Because in the former case the whole need for a build script may be
obviated. That's where I'm trying to be.

This can't happen in a lot of cases, eg if you're interfacing with a scripting language, you need certain files automatically generating during build etc. Admittedly, for the most part, you'll just want to be able to build libraries given a directory or an executable given a file with _Dmain() in. There'll still be a lot of cases where you want to specify some things to be dynamic libs, other static libs, and what if any of it you want in a resulting binary.

But in any case, it doesn't matter if both options are available -- it
doesn't hurt to have a pragma option as long as a config option is
available. I just don't want to *require* the pragma solution.
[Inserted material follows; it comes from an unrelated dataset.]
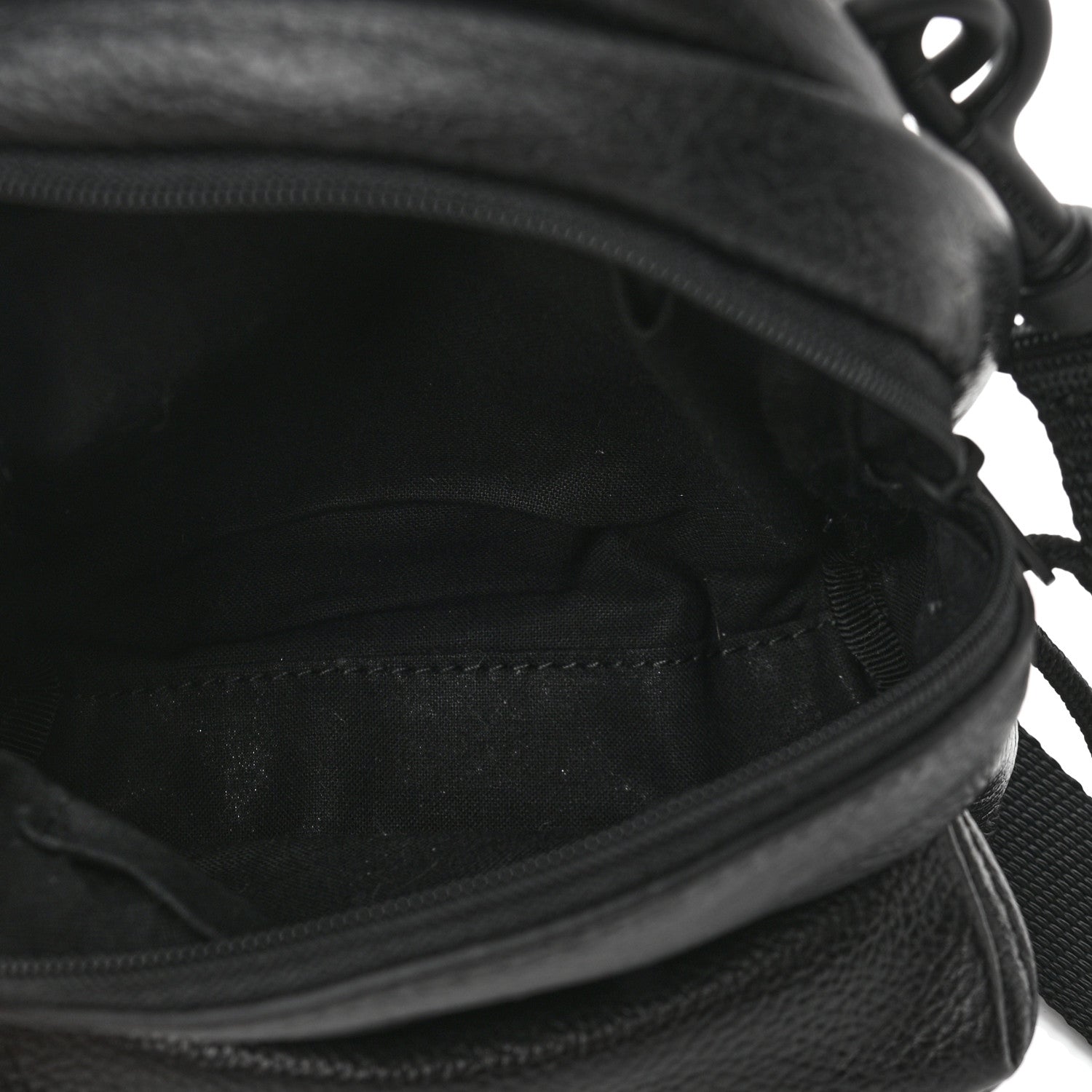 Balenciaga Grained Calfskin Mini Explorer Crossbody Backpack Black 5 of 9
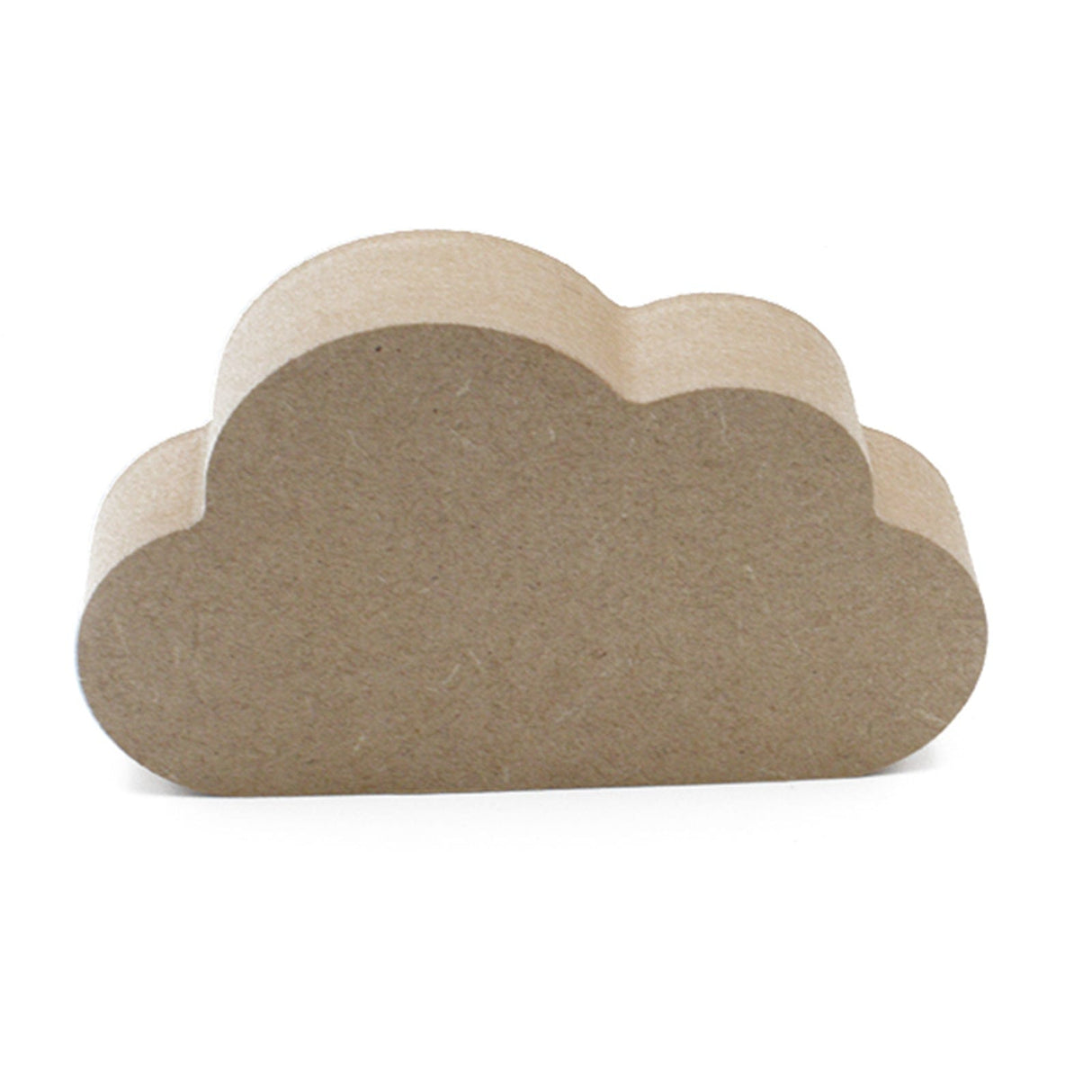 Freestanding Nursery Clouds 18mm MDF Wooden Craft Shapes - Laserworksuk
Sounds good. I actually had the same notion, just forgot to mention it
in the dip (fixed).

I'd agree with Steven that we need command line arguments for it, I completely disagree about pragmas though given that they don't work (as mentioned above). Just because I know you're going to ask:

# a.d has a pragma(lib) in it
$ dmd a.d
$ dmd b.d
$ dmd a.o b.o
<Linker errors>

This is unavoidable unless you put metadata in the object files, and even then you leave clutter in the resulting binary, unless you specify that the linker should remove it (I don't know if it can).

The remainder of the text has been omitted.